I’m here to tell you that there is a middle ground, a calm eye of sanity in the psychological hurricane that is putting. Cleveland Golf consistently produces putters that represent the best combination of performance and affordability on the market. In November, 2022, Cleveland introduced the Huntington Beach (HB) SOFT Milled Putter Line ($200), which consists of seven models designed to fit the full range of putting strokes.
Playing the Cleveland HB SOFT Milled Putter
Putting strokes basically fall into two styles: straight-back-straight-through and closed-open-closed, often termed “straight” and “arc” (or “gate”), respectively. Great PGA Tour pros have played both, so one’s not any better than the other. The key is to find a putter whose weighting and grip fit your stroke. With seven models—and their respective grip shapes—the HB SOFT line offers a match for every golfer.
For arc putters, Cleveland recommends the Golf Pride PRO ONLY Red Star grip, with a pistol shape that promotes the opening and closing of the putter face. For straight putters, there is the Golf Pride PRO ONLY Green Star grip has a more rounded, oval-back shape that helps the hands stay still through the stroke.

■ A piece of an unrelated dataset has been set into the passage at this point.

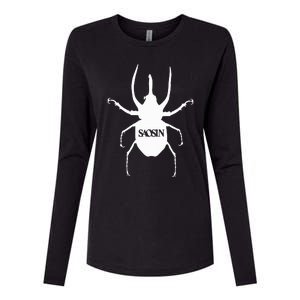 Saosin Band Womens Cotton Relaxed Long Sleeve T-Shirt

Once you settle on a grip, the next decision is the putterhead shape. What looks best to your eye? Now, arc putters often prefer Anser-style or flanged blade shaped heads, whereas straight putters often prefer some flavor of mallet. But this generality is not absolute. Toe-hang is another reliable indicator: face-balanced putters tend to work best for straight putters; some degree of toe-hang tends to work best for arc putters. The HB SOFT models are 1, 4, 5, 8, 10.5, 11, and 14. Smaller numbers are smaller heads, ranging up through mid-mallets to full mallets, and every model offers variations with different face- and toe-balancing.
I chose the 11: 370g, single-bend neck, 3-deg loft, face-balanced, 35”. The 11S is for arc putters; the 11 is for straight putters, which I am (when I’m putting well). The head shape is in the “sabretooth” style: two flanges extend back from the toe and heel ends for exquisite stability.

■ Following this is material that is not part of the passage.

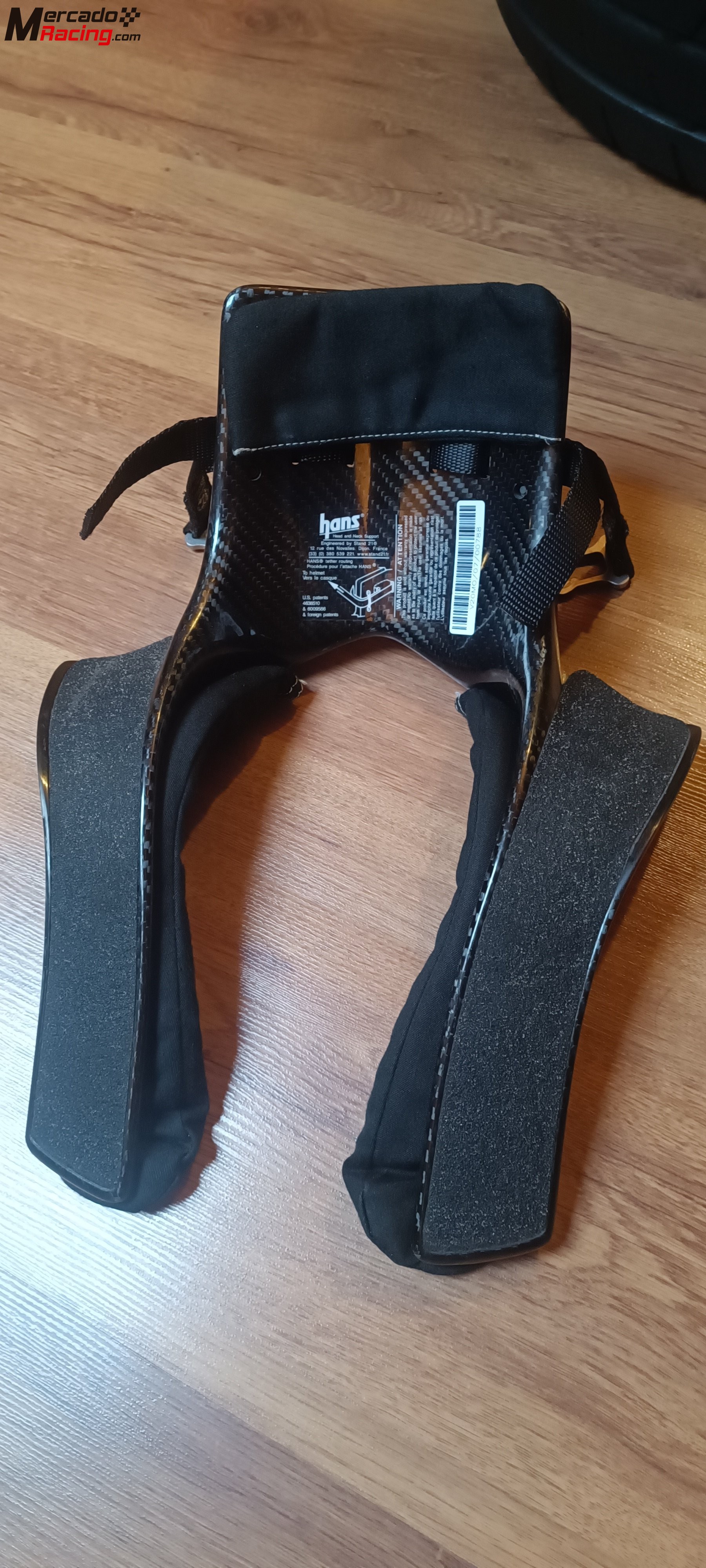 Hans stand 21 carbono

All HB SOFT Milled putters are, well, milled, meaning that both the front and back of the head are milled. The face is diamond milled for optimal contact everywhere on the face. The back milling just provides a really sharp, clean profile at address.
How did it perform? Well, every year, I think I’ve settled on a forever-putter. Last season, it was actually another Cleveland model, the Frontline ISO Putter. I putted great with that model. But after a half-dozen strokes on my living room carpet with the HB SOFT 11, and a simulator-league season that ended with a 20-foot holed (simulated) putt to secure second place in the league, it has now become my forever-putter.
Until next year, maybe.
The verdict on Cleveland’s HB SOFT Putter Line
The double-barreled greatness of Cleveland putters combines consistently top-notch quality with a reasonable price point. The HB SOFT Milled Line is the next great generation of this long and proud tradition. If you really do want to change putters every season, you can do it without busting your budget. If, on the other hand, you want to keep a putter in your bag for the next couple of decades, Cleveland makes a product that will last and perform in perpetuity.
Just please, for me, change that glassy grip now and then.